We’ve seen Senator Bernie Sanders advocate for free college tuition. Secretary of State Hillary Clinton has expressed plans to eliminate tuition loan debt after graduation. The strong push of these ideas is the result of of one thing: Winning the millennial vote.
According to the U.S. Census Bureau, millennials now outnumber the baby-boomer generation, making the millennial vote the one to pursue. But there’s one more hurdle - millennials actually need to take the initiative to vote.
It’s no secret our generation has had trouble getting to the polls. According to a study by The Center for Information and Research on Civic Learning and Engagement, only 19.9 percent of 18- to 29-year-olds voted in the midterm elections of 2014. This was the lowest millennial turnout ever recorded.
There are several theories as to why this is. Some millennials may assume their vote doesn’t count in the long run. Others say there aren’t any candidates worth voting for. We’ve all heard the claim the younger generation is just too self-involved or uninterested in politics to vote.
While any of these theories may be true to some extent, the numbers don’t lie. With more of a potential to swing the vote than the baby-boomers, it’s time we start using this advantage to shape government.
Millennials as a whole tend to think differently than their parents. While previous generations valued the process of attaining “the American Dream,” (getting a well-paying job, getting married, buying a house, having babies and so on) Millennials value happiness in a less traditional sense. We are more concerned about social justices and peace than we are with traditional values and the growth of the economy.

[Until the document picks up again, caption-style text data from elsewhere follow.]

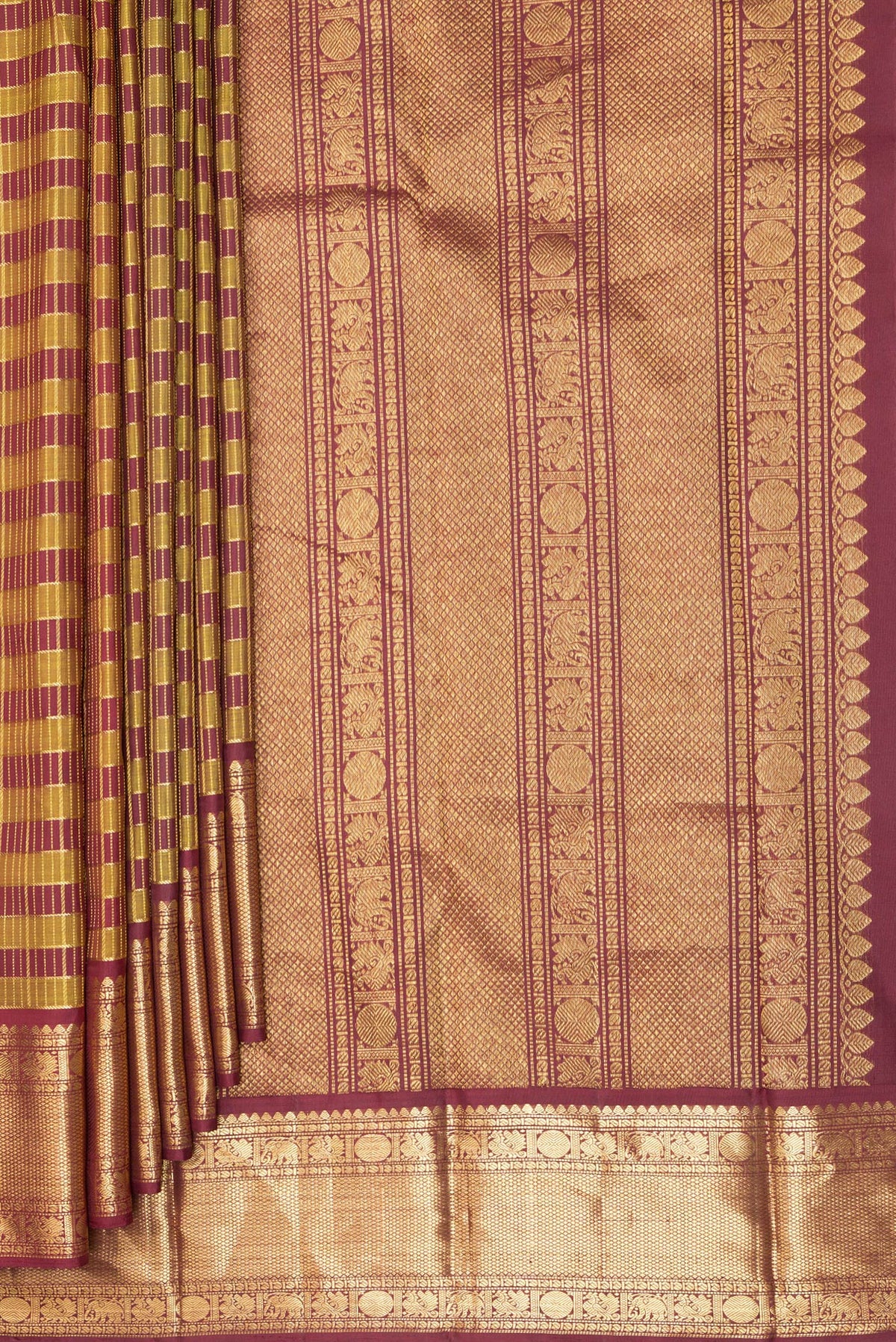 Pleats and pallu of Pure Silk Multi Color Kanchipuram Saree with Checked design on the body and Zari Border. 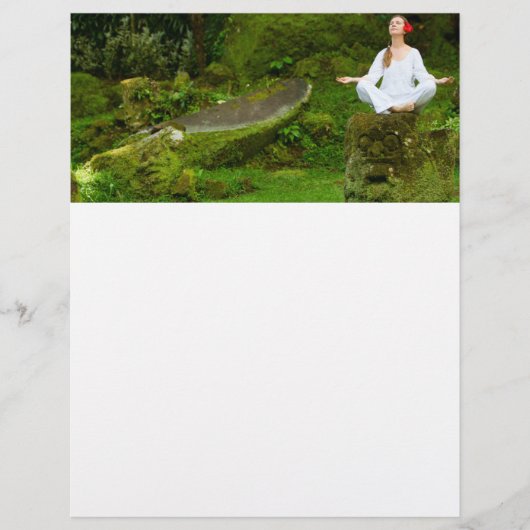 若い女性がヨガをする チラシ (正面)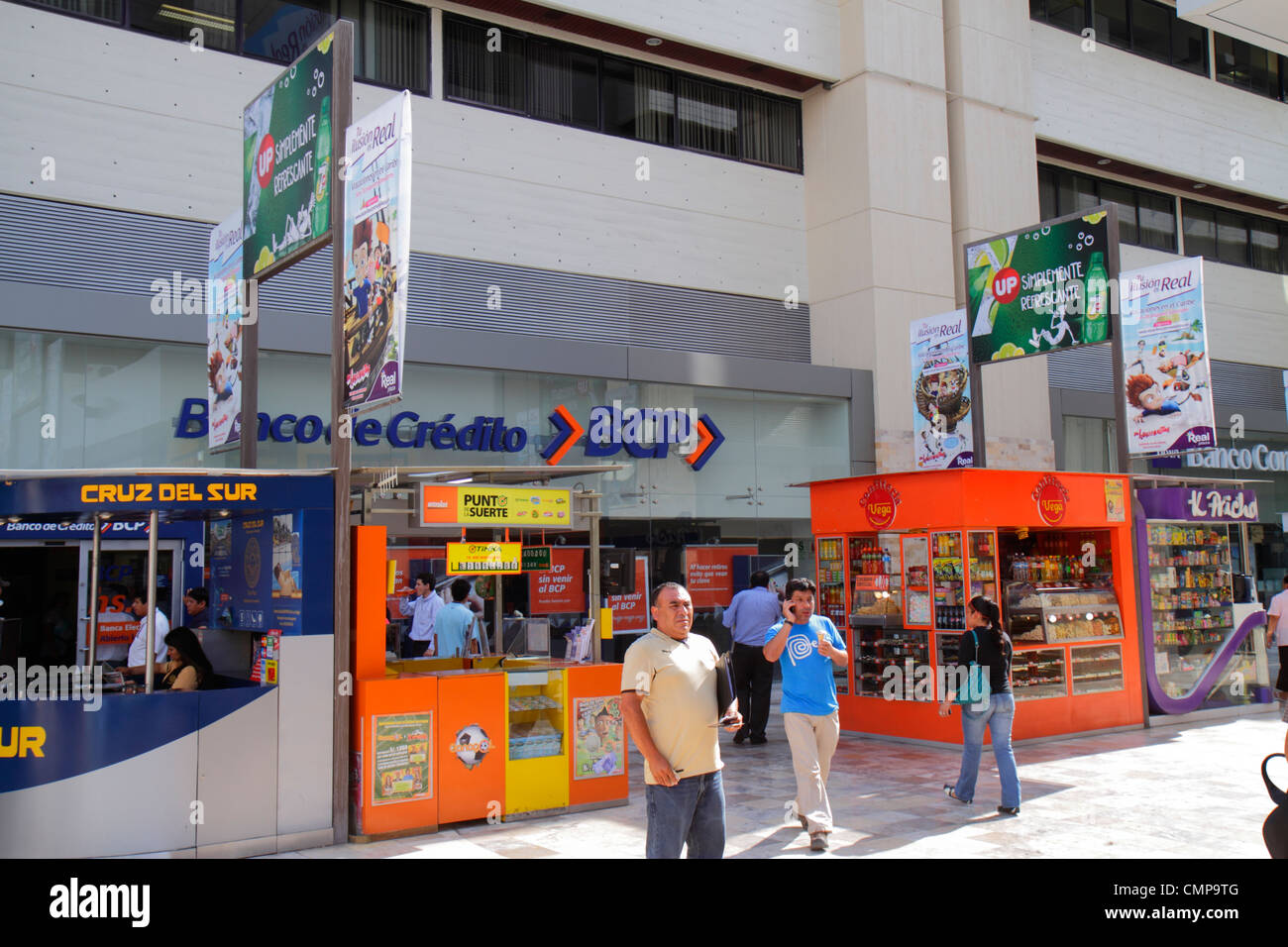 Lima Peru,Real Plaza,Banco de credito,BCP,banca,banking,esterno centro commerciale pedonale arcade,chiosco,shopping shopper shopping shopping negozi mercato marke Foto Stock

This sets us apart from our baby-boomer counterparts. It’s not that we are uninterested in politics. We just aren’t as interested in what the current political system values.Regardless, the cheesy line “we can make a difference” still applies. We’ve got the numbers. We’ve got different ideas. We just need the motivation.
Sure, it’s possible that a candidate who shares our same values hasn’t emerged yet, but our silence at the polls could result in the wrong presidential candidate being elected. Afterall, shouldn’t the inheritants of this nation make sure we have a say in who represents us in the White House for four or more years? Letting our indifference trump reason is something we as millennials need to change. Even electing the lesser of two evils is far better than sitting back and letting the wrong person come into office.
But there are promising signs of change here at Sonoma State. In the recent Associated Students election for Sonoma State University, 23 percent of students voted, which is considerably higher than Spring 2015’s AS election that only saw 16.4 percent of students vote.
In addition to signaling a potential increasing interest by students in elections, the result showed the power of a single vote. AS President Elect Emily Hinton won with 51.2 percent of the vote.
This is roughly a 50-vote difference between her and her opponent, current AS Vice President Kate Chavez. A small number of people could have completely changed the election outcome, proving that an individual vote really can add up and make a difference.
If we as a group applied this growing motivation and faith in our vote to the presidential election in November, the millennials could easily decide the vote. That is, if we decided to.